Desde su arranque en 1948, con la operación de observación del armisticio entre árabes e israelíes tras su primera guerra, la ONU ha aprobado el despliegue de más de setenta operaciones de muy variado rango y duración. Si hasta 1956 no se aprobó una operación armada –una vez más en el contexto de las guerras árabe-israelíes– la Guerra Fría bloqueó en gran medida un instrumento que, como principios esenciales, se basaba en el consentimiento de las partes, el uso de la fuerza al más bajo nivel posible y una imparcialidad a rajatabla. No fue, de hecho, hasta el fin de la confrontación bipolar cuando se vivió un significativo auge en el empleo de los “cascos azules”, creyendo por un momento que la ONU iba a poder cumplir finalmente su mandato de evitar el flagelo de la guerra a las generaciones futuras, desplegando todas sus potencialidades para gestionar los temas de paz y seguridad a nivel planetario.

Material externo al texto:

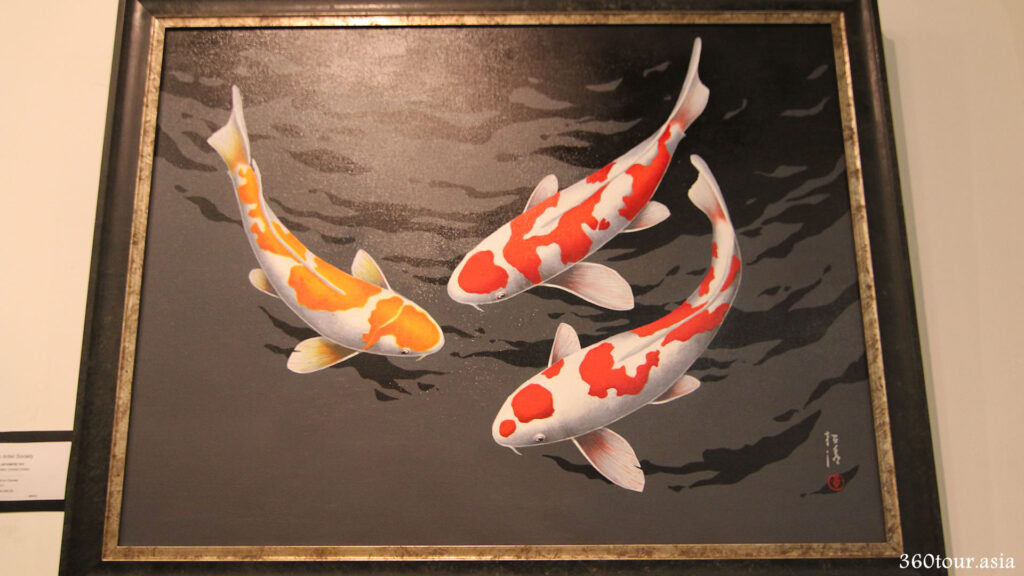 The painting of three Japanese Koi fish in water. The great contrast and refection painting makes it appears to be readily swimming.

Una creencia que parecía olvidar por un momento que la ONU no es más que el mensajero de la comunidad internacional y que no dispone de medios propios, por encima del poder de sus Estados miembros, para hacer valer las reglas de juego impuestas en 1945. En ese contexto se registró un notable cambio, desde una primera etapa en la que eran los países desarrollados los que más fondos y personal militar aportaban, a otra, más propia de este arranque de siglo, en la que se mantiene la primera característica –con Estados Unidos, China y Japón aportando prácticamente la mitad del presupuesto onusiano para este capítulo y con España entre los diez contribuyentes más relevantes–, pero en la que son países como Pakistán, Bangladesh, India, Sri Lanka, Nepal, Ghana y Nigeria los que más recursos humanos movilizan.
Fue esa experiencia de los que hoy podemos denominar “felices años noventa” la que sirvió para intentar actualizar su contenido y alcance; primero con el conocido Informe Brahimi (A/55/305-S/2000/809), que ya en 2000 consolidó la idea de que las misiones tenían que ser por definición multidimensionales, y luego con la llamada Doctrina Capstone (2008), que entendían que el mantenimiento de la paz es un componente más de una agenda compleja que incluye la prevención de conflictos, el establecimiento de la paz (peacemaking), la imposición de la paz (peace enforcement) y la consolidación de la paz (peace building). Con los añadidos aportados por el Grupo Independiente de Alto Nivel sobre las Operaciones de Paz (2014-2015) y la iniciativa Acción por el Mantenimiento de la Paz (2018) llegamos a las quince operaciones que hoy se encuentran activas, con Malí, República Centroafricana, República Democrática del Congo, Darfur (Sudán) y Sudán del Sur como las principales, si atendemos al volumen del contingente desplegado.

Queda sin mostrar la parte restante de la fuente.